## Task details:
Word for word, return the lines from the start of the entries below through the line that has "Medical staff load".

-------- Data supplied

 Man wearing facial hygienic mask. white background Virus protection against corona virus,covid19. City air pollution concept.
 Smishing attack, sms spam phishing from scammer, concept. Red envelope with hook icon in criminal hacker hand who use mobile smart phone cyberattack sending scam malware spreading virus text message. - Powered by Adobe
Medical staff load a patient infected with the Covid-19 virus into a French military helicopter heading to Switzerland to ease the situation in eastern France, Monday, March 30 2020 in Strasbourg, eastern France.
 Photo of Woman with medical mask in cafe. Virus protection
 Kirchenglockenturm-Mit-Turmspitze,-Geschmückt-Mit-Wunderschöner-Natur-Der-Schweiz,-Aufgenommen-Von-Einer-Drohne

----------------

## Answer for the task:
 Man wearing facial hygienic mask. white background Virus protection against corona virus,covid19. City air pollution concept.
 Smishing attack, sms spam phishing from scammer, concept. Red envelope with hook icon in criminal hacker hand who use mobile smart phone cyberattack sending scam malware spreading virus text message. - Powered by Adobe
Medical staff load a patient infected with the Covid-19 virus into a French military helicopter heading to Switzerland to ease the situation in eastern France, Monday, March 30 2020 in Strasbourg, eastern France.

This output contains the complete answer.